Seattle FCC Hearing: Democracy is in their hands: What are they thinking?

[Notes: We saw on Friday an extraordinary united front of citizens and of WA electeds from both parties opposing further media consolidation. 1st posted 11/9/07. Updates completed 11/10/07, 2:30 pm]

Above: Federal Communications Commission Commissioners listening to testimony at Friday evening's Seattle Town Hall Hearing.  L to R: Robert McDowell, a Bush appointee assumed to be supporting same-market cross-ownership between TV stations and newspapers; Michael J. Copps, opposing further consolidation; Chairman Kevin Martin, a Bush appointee proposing the new cross ownership rules; Jonathan Adlestein, opposing further consolidation.  Pro-consolidation Commissioner Deborah Tate was not present. Adelstein's statement, Copps' statement, Tate's statement. Martin responded to the passionate anti-consolidation arguments of Adelstein and Copps by dismissing them as "rhetoric".

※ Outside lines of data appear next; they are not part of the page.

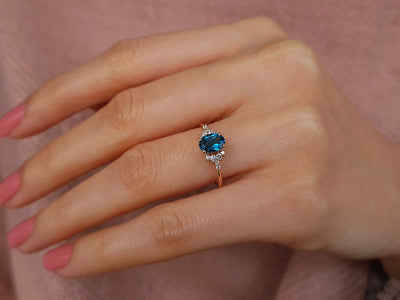 Diamond and London Blue Topaz Ilaida Ring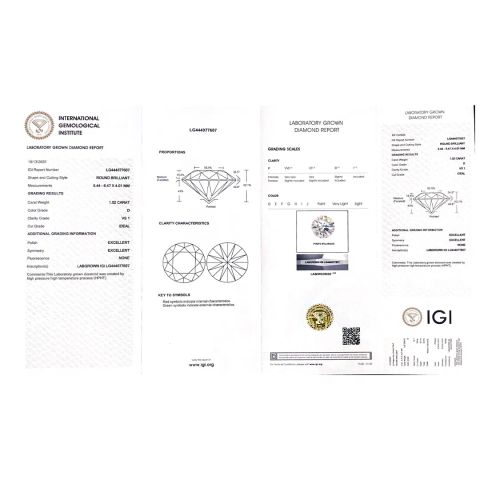 IGI certificate certificate from Wuzhou Messi Gems Co., Ltd.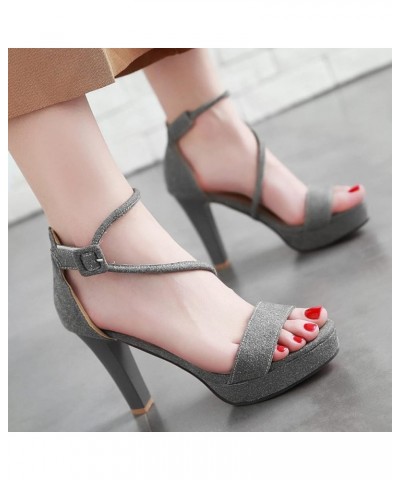 High Heeled Sandals for Women Classic Open Toe Suede Platform Block Heels Ankle Strap Hook and Loop Pumps Dress Shoes Grey $2...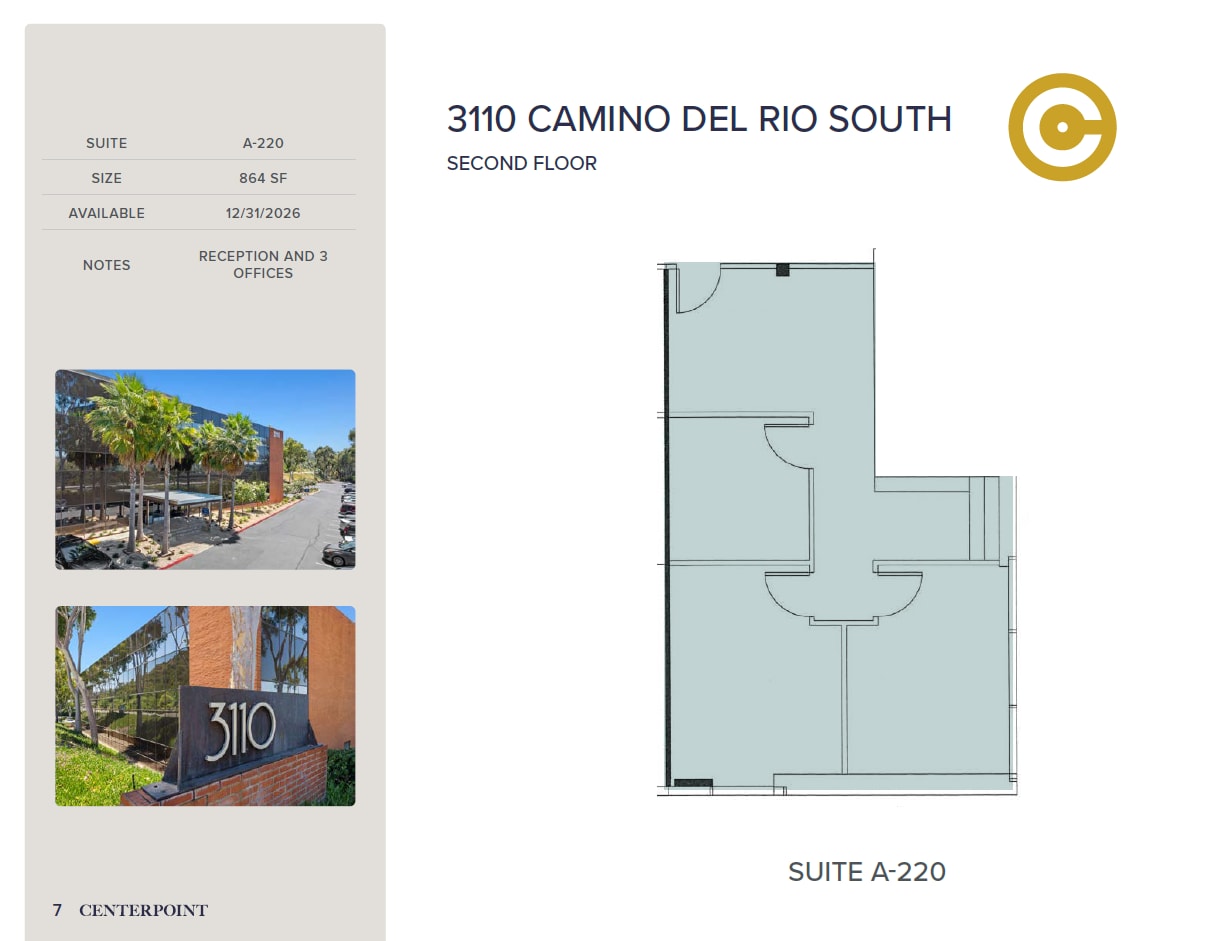 3110 Camino del Rio S, San Diego, CA à louer Plan d’étage– Image 1 sur 1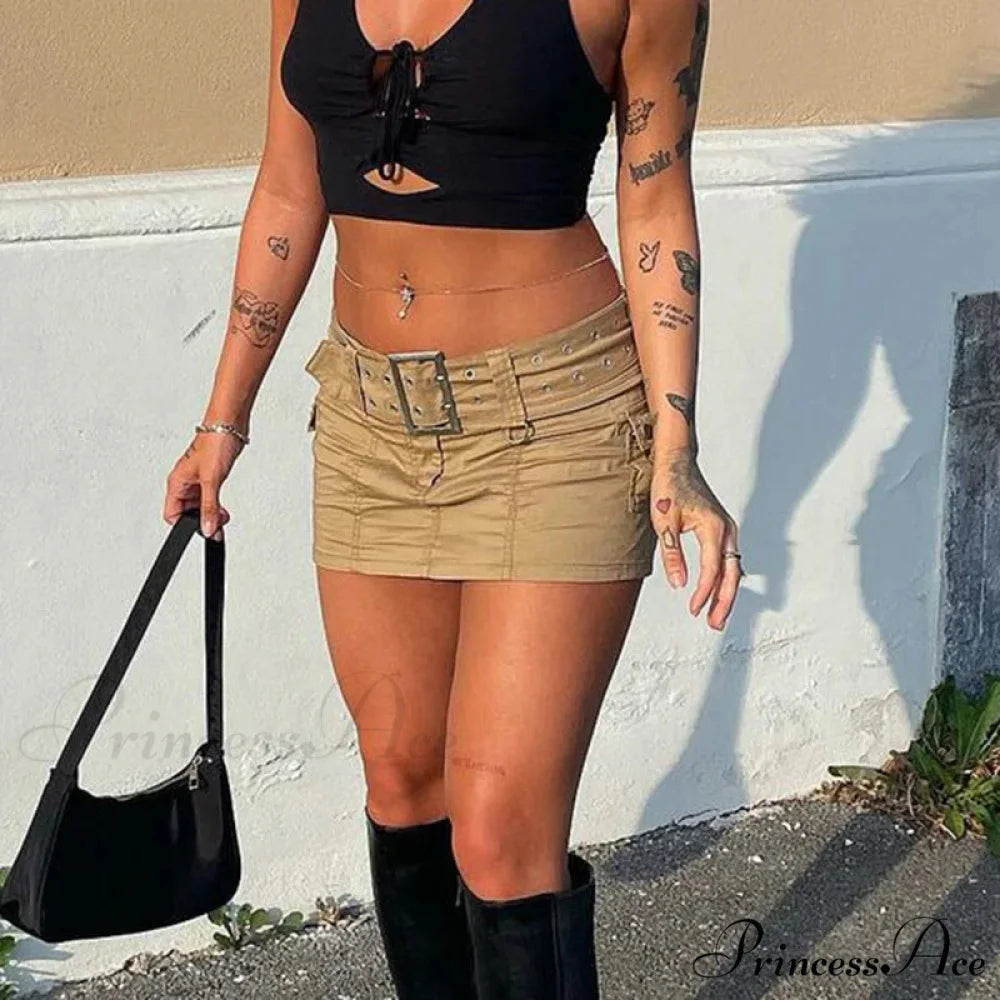 Cute Sash Waist Denim Skirt skirts-250223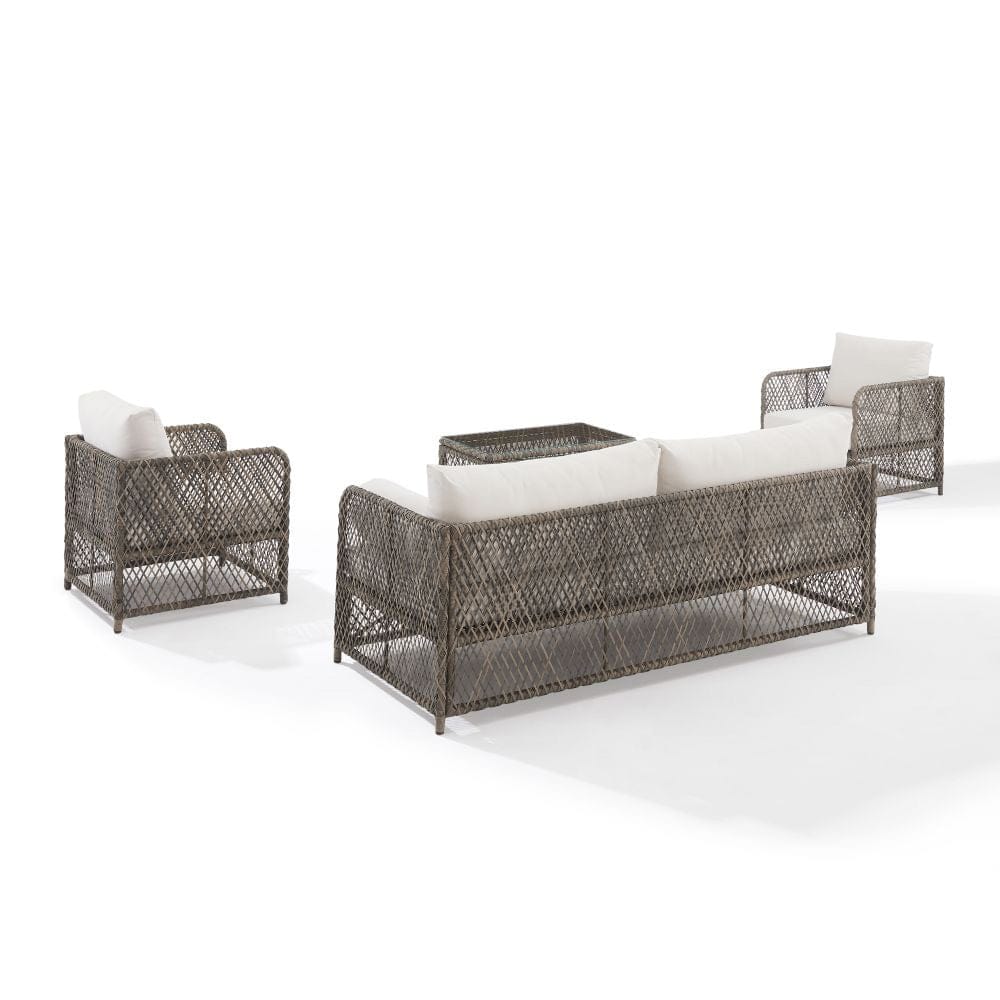 Crosley Furniture - Granite Bay 4Pc Wicker Outdoor Sofa Patio Furniture Set - Sofa, Coffee Table, & 2 Chairs - KO70364ST-CR view 4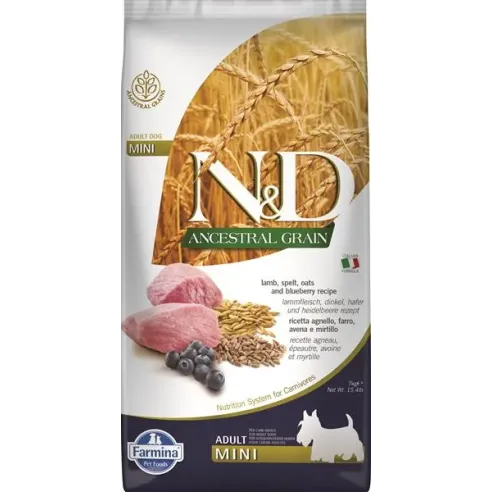 Farmina N&D dog AG adult mini, lamb, spelt, oats & blueberry 7 kg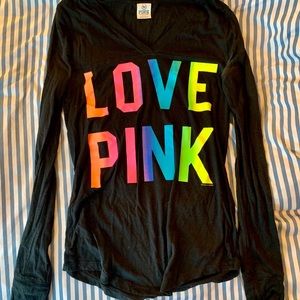 PINK Love Pink Black Long Sleeve V-Neck Shirt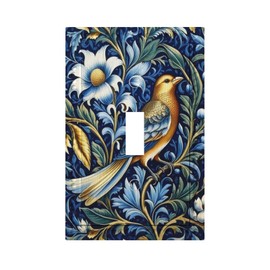 MUZUMU Bird with Blue Flower Light Switch Covers 1 Gang Single Toggle Wall Plate Decorative Switchcover Electrical Switchplate for Farmhouse Living Decor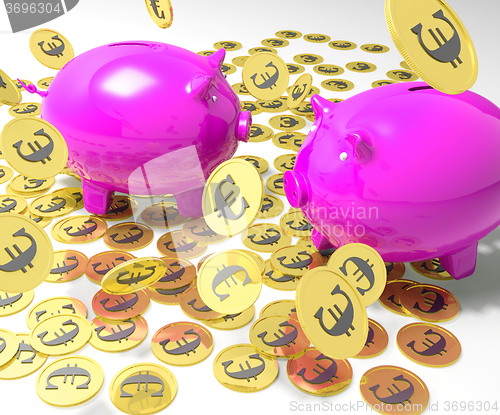 Image of Piggybanks On Coins Shows European Financial Status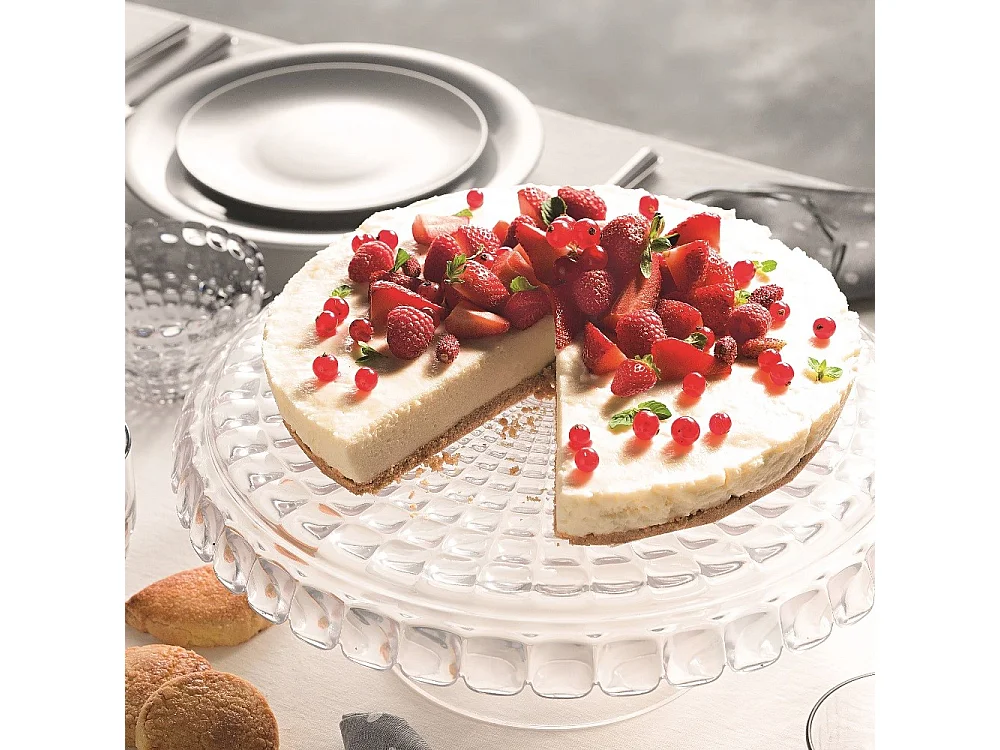 Suporte de bolo com tampa Tiffany cinza transparente - D 36 cm
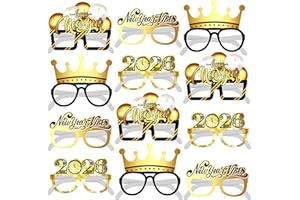 KatchOn, 2026 Glasses New Years - Pack of 12 | New Years Eve Party Supplies 2026 | Glasses for NYE Party Favors 2026 | Happy New Years Decorations 2026 | New Year Sunglasses 2026, NYE Photoprops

The three Bush appointees to the 5-member Federal Communications Commission are expected to force approval of proposed new rules allowing cross-ownership of print and broadcast media in local markets despite overwhelming evidence and public testimony in opposition. Given the outpouring of compelling testimony expressed from every political point of view that further consolidation will decrease market competition and "weaken democracy"*, a question arises: what's going on with McDowell and Martin? Is it possible they don't understand how much depends on their actions? I had speculated that the demeanor of exhausted-looking pro-consolidation McDowell on the left (he appeared this way much of the time) expressed penitence and embarrassment -- and that of attentive-looking Chair Martin, third from the left, profound ease with the fact that he is about to sell out democracy. A friend I was with thought the opposite, that Martin seemed genuinely impacted by the testimony and McDowell exuded arrogance.

Tomorrow (11/10/07) I'll post a few more pictures and observations, below. Northwest Progressive Institute has live blogging of the event.

Friday night's FCC hearing was the last of several held nationally to gather public input on proposed new rules that would allow cross-ownership of TV and broadcast media in the same markets. Scant public notice was given -- the minimum allowable. But Town Hall Seattle was filled to capacity and people testified well past midnight. The two commissioners opposing the new rules were passionate and, I thought, even angry. There was a feeling in the room that the vote had already been decided. And an air of defiance.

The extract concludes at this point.